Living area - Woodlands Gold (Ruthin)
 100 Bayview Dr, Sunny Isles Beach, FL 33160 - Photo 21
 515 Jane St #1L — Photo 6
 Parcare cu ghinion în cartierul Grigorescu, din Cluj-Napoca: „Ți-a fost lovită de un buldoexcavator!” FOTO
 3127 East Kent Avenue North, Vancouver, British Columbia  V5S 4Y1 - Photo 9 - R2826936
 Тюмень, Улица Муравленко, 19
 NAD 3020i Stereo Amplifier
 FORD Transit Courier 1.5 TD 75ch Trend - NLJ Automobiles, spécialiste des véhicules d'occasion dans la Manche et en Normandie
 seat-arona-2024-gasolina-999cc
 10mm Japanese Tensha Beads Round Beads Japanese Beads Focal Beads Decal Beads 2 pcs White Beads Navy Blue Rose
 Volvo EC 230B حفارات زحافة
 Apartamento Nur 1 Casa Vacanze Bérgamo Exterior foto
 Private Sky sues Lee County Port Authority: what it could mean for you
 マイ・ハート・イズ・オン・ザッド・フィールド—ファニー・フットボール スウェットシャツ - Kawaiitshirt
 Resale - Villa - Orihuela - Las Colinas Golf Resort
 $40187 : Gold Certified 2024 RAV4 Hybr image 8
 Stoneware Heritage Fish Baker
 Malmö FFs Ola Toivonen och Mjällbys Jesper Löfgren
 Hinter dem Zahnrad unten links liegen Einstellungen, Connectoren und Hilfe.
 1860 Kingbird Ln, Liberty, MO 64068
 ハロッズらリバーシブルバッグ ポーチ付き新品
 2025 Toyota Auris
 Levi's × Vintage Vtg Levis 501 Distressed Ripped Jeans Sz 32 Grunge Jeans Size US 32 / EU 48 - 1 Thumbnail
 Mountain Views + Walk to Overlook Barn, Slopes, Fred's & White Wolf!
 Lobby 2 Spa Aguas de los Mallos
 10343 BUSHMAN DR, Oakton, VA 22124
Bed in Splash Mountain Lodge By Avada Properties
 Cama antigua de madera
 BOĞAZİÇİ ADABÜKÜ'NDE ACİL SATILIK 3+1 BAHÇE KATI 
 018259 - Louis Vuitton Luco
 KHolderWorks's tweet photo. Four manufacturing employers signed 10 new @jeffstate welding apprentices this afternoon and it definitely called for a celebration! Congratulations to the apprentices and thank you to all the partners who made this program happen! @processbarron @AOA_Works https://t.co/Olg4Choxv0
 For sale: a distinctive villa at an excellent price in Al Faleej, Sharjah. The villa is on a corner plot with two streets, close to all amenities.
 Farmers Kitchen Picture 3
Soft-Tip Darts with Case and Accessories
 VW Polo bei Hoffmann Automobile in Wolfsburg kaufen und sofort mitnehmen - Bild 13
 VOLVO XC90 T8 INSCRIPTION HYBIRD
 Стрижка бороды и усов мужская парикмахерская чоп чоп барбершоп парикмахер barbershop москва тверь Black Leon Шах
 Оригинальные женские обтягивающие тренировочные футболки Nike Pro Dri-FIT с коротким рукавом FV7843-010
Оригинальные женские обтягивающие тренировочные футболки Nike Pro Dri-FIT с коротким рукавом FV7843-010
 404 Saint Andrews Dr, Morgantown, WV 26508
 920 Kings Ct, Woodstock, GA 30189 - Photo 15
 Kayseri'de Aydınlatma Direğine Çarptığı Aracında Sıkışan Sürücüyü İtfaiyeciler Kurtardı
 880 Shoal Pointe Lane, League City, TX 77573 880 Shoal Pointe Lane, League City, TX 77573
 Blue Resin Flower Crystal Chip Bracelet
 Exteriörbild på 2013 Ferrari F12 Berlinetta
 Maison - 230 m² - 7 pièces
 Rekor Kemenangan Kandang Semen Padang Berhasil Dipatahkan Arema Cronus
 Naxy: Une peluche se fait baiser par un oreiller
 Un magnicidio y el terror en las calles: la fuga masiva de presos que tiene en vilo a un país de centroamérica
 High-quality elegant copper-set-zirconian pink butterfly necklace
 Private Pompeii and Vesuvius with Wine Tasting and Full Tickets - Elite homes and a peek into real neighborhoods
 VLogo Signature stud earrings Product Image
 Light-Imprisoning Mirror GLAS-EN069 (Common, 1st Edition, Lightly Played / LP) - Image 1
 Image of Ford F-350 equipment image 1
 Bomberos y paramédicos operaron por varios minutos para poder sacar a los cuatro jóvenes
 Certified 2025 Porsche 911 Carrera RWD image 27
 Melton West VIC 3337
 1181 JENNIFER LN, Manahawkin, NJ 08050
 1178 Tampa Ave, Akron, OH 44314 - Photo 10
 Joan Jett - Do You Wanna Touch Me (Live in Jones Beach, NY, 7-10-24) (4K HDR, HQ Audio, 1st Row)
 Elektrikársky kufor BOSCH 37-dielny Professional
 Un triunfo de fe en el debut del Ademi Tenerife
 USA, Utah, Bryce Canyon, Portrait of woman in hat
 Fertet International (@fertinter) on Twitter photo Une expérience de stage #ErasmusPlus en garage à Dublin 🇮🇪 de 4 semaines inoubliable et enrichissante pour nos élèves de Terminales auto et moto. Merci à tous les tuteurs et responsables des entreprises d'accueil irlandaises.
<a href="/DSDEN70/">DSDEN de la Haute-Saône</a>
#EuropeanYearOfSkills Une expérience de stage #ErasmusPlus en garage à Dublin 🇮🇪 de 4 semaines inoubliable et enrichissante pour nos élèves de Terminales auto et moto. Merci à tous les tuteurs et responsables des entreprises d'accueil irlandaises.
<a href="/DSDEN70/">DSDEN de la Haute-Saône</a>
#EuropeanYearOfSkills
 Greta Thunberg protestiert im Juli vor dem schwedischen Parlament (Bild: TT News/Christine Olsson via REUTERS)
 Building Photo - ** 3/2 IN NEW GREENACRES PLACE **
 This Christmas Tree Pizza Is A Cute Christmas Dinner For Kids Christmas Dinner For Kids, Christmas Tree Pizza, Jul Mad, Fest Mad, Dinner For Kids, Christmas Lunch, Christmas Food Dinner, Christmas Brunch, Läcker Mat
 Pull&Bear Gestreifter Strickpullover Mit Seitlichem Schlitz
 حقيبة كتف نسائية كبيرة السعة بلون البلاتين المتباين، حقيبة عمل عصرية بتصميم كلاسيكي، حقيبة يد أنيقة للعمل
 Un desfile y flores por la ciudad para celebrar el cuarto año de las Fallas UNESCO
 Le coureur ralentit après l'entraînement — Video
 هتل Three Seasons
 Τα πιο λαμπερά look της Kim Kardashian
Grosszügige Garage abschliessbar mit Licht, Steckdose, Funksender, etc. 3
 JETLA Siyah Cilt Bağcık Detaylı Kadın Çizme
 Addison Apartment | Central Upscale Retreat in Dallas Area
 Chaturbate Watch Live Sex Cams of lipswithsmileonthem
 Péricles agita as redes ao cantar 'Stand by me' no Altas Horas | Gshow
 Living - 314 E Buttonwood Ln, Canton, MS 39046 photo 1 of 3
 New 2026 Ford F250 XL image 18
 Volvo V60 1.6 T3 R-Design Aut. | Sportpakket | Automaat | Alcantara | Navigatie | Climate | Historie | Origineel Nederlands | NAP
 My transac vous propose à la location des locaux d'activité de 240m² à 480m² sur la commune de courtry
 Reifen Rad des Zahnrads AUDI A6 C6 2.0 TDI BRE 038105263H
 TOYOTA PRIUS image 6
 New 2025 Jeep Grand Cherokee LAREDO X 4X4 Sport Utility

============================================================

» **EXERCISE OBJECTIVE**: Copy the listing above. Match every line exactly.

» **RESPONSE FOR THIS EXERCISE**:
Living area - Woodlands Gold (Ruthin)
 100 Bayview Dr, Sunny Isles Beach, FL 33160 - Photo 21
 515 Jane St #1L — Photo 6
 Parcare cu ghinion în cartierul Grigorescu, din Cluj-Napoca: „Ți-a fost lovită de un buldoexcavator!” FOTO
 3127 East Kent Avenue North, Vancouver, British Columbia  V5S 4Y1 - Photo 9 - R2826936
 Тюмень, Улица Муравленко, 19
 NAD 3020i Stereo Amplifier
 FORD Transit Courier 1.5 TD 75ch Trend - NLJ Automobiles, spécialiste des véhicules d'occasion dans la Manche et en Normandie
 seat-arona-2024-gasolina-999cc
 10mm Japanese Tensha Beads Round Beads Japanese Beads Focal Beads Decal Beads 2 pcs White Beads Navy Blue Rose
 Volvo EC 230B حفارات زحافة
 Apartamento Nur 1 Casa Vacanze Bérgamo Exterior foto
 Private Sky sues Lee County Port Authority: what it could mean for you
 マイ・ハート・イズ・オン・ザッド・フィールド—ファニー・フットボール スウェットシャツ - Kawaiitshirt
 Resale - Villa - Orihuela - Las Colinas Golf Resort
 $40187 : Gold Certified 2024 RAV4 Hybr image 8
 Stoneware Heritage Fish Baker
 Malmö FFs Ola Toivonen och Mjällbys Jesper Löfgren
 Hinter dem Zahnrad unten links liegen Einstellungen, Connectoren und Hilfe.
 1860 Kingbird Ln, Liberty, MO 64068
 ハロッズらリバーシブルバッグ ポーチ付き新品
 2025 Toyota Auris
 Levi's × Vintage Vtg Levis 501 Distressed Ripped Jeans Sz 32 Grunge Jeans Size US 32 / EU 48 - 1 Thumbnail
 Mountain Views + Walk to Overlook Barn, Slopes, Fred's & White Wolf!
 Lobby 2 Spa Aguas de los Mallos
 10343 BUSHMAN DR, Oakton, VA 22124
Bed in Splash Mountain Lodge By Avada Properties
 Cama antigua de madera
 BOĞAZİÇİ ADABÜKÜ'NDE ACİL SATILIK 3+1 BAHÇE KATI 
 018259 - Louis Vuitton Luco
 KHolderWorks's tweet photo. Four manufacturing employers signed 10 new @jeffstate welding apprentices this afternoon and it definitely called for a celebration! Congratulations to the apprentices and thank you to all the partners who made this program happen! @processbarron @AOA_Works https://t.co/Olg4Choxv0
 For sale: a distinctive villa at an excellent price in Al Faleej, Sharjah. The villa is on a corner plot with two streets, close to all amenities.
 Farmers Kitchen Picture 3
Soft-Tip Darts with Case and Accessories
 VW Polo bei Hoffmann Automobile in Wolfsburg kaufen und sofort mitnehmen - Bild 13
 VOLVO XC90 T8 INSCRIPTION HYBIRD
 Стрижка бороды и усов мужская парикмахерская чоп чоп барбершоп парикмахер barbershop москва тверь Black Leon Шах
 Оригинальные женские обтягивающие тренировочные футболки Nike Pro Dri-FIT с коротким рукавом FV7843-010
Оригинальные женские обтягивающие тренировочные футболки Nike Pro Dri-FIT с коротким рукавом FV7843-010
 404 Saint Andrews Dr, Morgantown, WV 26508
 920 Kings Ct, Woodstock, GA 30189 - Photo 15
 Kayseri'de Aydınlatma Direğine Çarptığı Aracında Sıkışan Sürücüyü İtfaiyeciler Kurtardı
 880 Shoal Pointe Lane, League City, TX 77573 880 Shoal Pointe Lane, League City, TX 77573
 Blue Resin Flower Crystal Chip Bracelet
 Exteriörbild på 2013 Ferrari F12 Berlinetta
 Maison - 230 m² - 7 pièces
 Rekor Kemenangan Kandang Semen Padang Berhasil Dipatahkan Arema Cronus
 Naxy: Une peluche se fait baiser par un oreiller
 Un magnicidio y el terror en las calles: la fuga masiva de presos que tiene en vilo a un país de centroamérica
 High-quality elegant copper-set-zirconian pink butterfly necklace
 Private Pompeii and Vesuvius with Wine Tasting and Full Tickets - Elite homes and a peek into real neighborhoods
 VLogo Signature stud earrings Product Image
 Light-Imprisoning Mirror GLAS-EN069 (Common, 1st Edition, Lightly Played / LP) - Image 1
 Image of Ford F-350 equipment image 1
 Bomberos y paramédicos operaron por varios minutos para poder sacar a los cuatro jóvenes
 Certified 2025 Porsche 911 Carrera RWD image 27
 Melton West VIC 3337
 1181 JENNIFER LN, Manahawkin, NJ 08050
 1178 Tampa Ave, Akron, OH 44314 - Photo 10
 Joan Jett - Do You Wanna Touch Me (Live in Jones Beach, NY, 7-10-24) (4K HDR, HQ Audio, 1st Row)
 Elektrikársky kufor BOSCH 37-dielny Professional
 Un triunfo de fe en el debut del Ademi Tenerife
 USA, Utah, Bryce Canyon, Portrait of woman in hat
 Fertet International (@fertinter) on Twitter photo Une expérience de stage #ErasmusPlus en garage à Dublin 🇮🇪 de 4 semaines inoubliable et enrichissante pour nos élèves de Terminales auto et moto. Merci à tous les tuteurs et responsables des entreprises d'accueil irlandaises.
<a href="/DSDEN70/">DSDEN de la Haute-Saône</a>
#EuropeanYearOfSkills Une expérience de stage #ErasmusPlus en garage à Dublin 🇮🇪 de 4 semaines inoubliable et enrichissante pour nos élèves de Terminales auto et moto. Merci à tous les tuteurs et responsables des entreprises d'accueil irlandaises.
<a href="/DSDEN70/">DSDEN de la Haute-Saône</a>
#EuropeanYearOfSkills
 Greta Thunberg protestiert im Juli vor dem schwedischen Parlament (Bild: TT News/Christine Olsson via REUTERS)
 Building Photo - ** 3/2 IN NEW GREENACRES PLACE **
 This Christmas Tree Pizza Is A Cute Christmas Dinner For Kids Christmas Dinner For Kids, Christmas Tree Pizza, Jul Mad, Fest Mad, Dinner For Kids, Christmas Lunch, Christmas Food Dinner, Christmas Brunch, Läcker Mat
 Pull&Bear Gestreifter Strickpullover Mit Seitlichem Schlitz
 حقيبة كتف نسائية كبيرة السعة بلون البلاتين المتباين، حقيبة عمل عصرية بتصميم كلاسيكي، حقيبة يد أنيقة للعمل
 Un desfile y flores por la ciudad para celebrar el cuarto año de las Fallas UNESCO
 Le coureur ralentit après l'entraînement — Video
 هتل Three Seasons
 Τα πιο λαμπερά look της Kim Kardashian
Grosszügige Garage abschliessbar mit Licht, Steckdose, Funksender, etc. 3
 JETLA Siyah Cilt Bağcık Detaylı Kadın Çizme
 Addison Apartment | Central Upscale Retreat in Dallas Area
 Chaturbate Watch Live Sex Cams of lipswithsmileonthem
 Péricles agita as redes ao cantar 'Stand by me' no Altas Horas | Gshow
 Living - 314 E Buttonwood Ln, Canton, MS 39046 photo 1 of 3
 New 2026 Ford F250 XL image 18
 Volvo V60 1.6 T3 R-Design Aut. | Sportpakket | Automaat | Alcantara | Navigatie | Climate | Historie | Origineel Nederlands | NAP
 My transac vous propose à la location des locaux d'activité de 240m² à 480m² sur la commune de courtry
 Reifen Rad des Zahnrads AUDI A6 C6 2.0 TDI BRE 038105263H
 TOYOTA PRIUS image 6
 New 2025 Jeep Grand Cherokee LAREDO X 4X4 Sport Utility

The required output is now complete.